Но со всей волей своей, порывающейся к действию, со своим складом ума, который самую мысль рассматривает, как зерно действия, Печорин принужден жить в эпоху, когда мысль обречена была на безмолвие, а свободное действие творящей воли рассматривалось, как проявление непокорности властям. И Печорин переживает глубокую трагедию безвыходного одиночества, томясь в вынужденной бездейственности.

Чувствуя в себе «силы необъятные» и не зная им выхода в жизнь в достойном их действии, Лермонтов устами «героя» своего «времени» с ужасом спрашивает: «Мало ли людей, начиная жизнь, думают кончить ее, как Александр Великий или лорд Байрон, а между тем целый век остаются титулярными советниками?»

Лермонтов не оправдывает Печорина, он судит и его.
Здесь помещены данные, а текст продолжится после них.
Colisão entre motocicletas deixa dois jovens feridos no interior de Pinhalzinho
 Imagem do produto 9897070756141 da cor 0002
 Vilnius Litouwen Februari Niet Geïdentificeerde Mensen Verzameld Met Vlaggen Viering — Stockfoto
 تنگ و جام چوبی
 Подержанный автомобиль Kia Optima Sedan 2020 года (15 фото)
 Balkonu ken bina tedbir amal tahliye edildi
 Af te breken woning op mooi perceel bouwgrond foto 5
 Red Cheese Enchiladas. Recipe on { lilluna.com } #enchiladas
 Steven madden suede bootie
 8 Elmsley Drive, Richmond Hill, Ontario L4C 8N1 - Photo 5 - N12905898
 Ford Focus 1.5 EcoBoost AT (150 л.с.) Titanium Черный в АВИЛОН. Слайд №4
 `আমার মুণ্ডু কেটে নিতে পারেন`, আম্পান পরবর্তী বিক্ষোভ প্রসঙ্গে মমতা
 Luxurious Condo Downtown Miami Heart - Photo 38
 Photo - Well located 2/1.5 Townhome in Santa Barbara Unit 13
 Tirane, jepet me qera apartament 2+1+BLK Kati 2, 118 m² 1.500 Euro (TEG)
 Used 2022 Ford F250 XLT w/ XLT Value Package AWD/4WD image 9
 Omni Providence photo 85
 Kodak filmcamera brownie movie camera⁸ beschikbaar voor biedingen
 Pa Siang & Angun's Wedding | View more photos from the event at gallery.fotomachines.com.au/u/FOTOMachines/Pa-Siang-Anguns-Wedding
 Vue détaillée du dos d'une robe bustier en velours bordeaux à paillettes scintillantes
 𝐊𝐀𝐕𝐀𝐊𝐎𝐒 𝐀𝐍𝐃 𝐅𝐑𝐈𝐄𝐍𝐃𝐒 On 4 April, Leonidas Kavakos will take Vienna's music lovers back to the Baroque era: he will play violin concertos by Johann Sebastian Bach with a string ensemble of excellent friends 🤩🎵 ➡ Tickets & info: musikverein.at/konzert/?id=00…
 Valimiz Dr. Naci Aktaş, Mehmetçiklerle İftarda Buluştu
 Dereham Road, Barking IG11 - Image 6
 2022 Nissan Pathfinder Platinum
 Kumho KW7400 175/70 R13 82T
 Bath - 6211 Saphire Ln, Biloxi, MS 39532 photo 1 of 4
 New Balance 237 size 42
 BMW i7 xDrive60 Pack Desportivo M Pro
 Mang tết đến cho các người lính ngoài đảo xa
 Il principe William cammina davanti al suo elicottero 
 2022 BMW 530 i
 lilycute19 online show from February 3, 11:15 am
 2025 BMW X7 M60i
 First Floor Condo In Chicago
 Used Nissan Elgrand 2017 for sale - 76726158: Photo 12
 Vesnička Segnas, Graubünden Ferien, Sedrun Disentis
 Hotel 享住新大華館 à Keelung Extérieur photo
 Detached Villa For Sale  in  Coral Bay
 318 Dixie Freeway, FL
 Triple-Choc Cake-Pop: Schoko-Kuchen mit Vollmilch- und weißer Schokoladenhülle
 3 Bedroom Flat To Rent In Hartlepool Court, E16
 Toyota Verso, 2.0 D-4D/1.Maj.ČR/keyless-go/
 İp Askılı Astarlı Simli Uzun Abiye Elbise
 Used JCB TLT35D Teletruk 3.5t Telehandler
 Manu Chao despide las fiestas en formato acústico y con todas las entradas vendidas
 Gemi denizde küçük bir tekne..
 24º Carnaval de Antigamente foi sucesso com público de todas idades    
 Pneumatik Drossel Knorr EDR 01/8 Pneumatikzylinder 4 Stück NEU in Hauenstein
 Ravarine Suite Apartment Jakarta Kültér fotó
В уста Печорина он вкладывает упрек современникам в том, что они «равнодушно переходят от сомнения к сомнению», в том, что скитаются «по земле без убеждений и гордости», в том, что они «не знают наслаждения… в борьбе с людьми или с судьбою».

Скептический Печорин с горечью высказывает эти упреки, понимая, что они относятся и к нему самому.

Но ведь это те же обвинения, которые высказал Лермонтов в знаменитой «Думе» (1838), начинающейся признанием: «Печально я гляжу на наше поколенье». Из этих обвинений (и самообвинений) Печорина особенно важно одно: «Мы неспособны более к великим жертвам ни для блага человечества, ни даже для собственного нашего счастия». В «Думе» этому соответствует:

К добру и злу постыдно равнодушны, В начале поприща мы вянем без борьбы; Перед опасностью позорно-малодушны, И перед властию — презренные рабы.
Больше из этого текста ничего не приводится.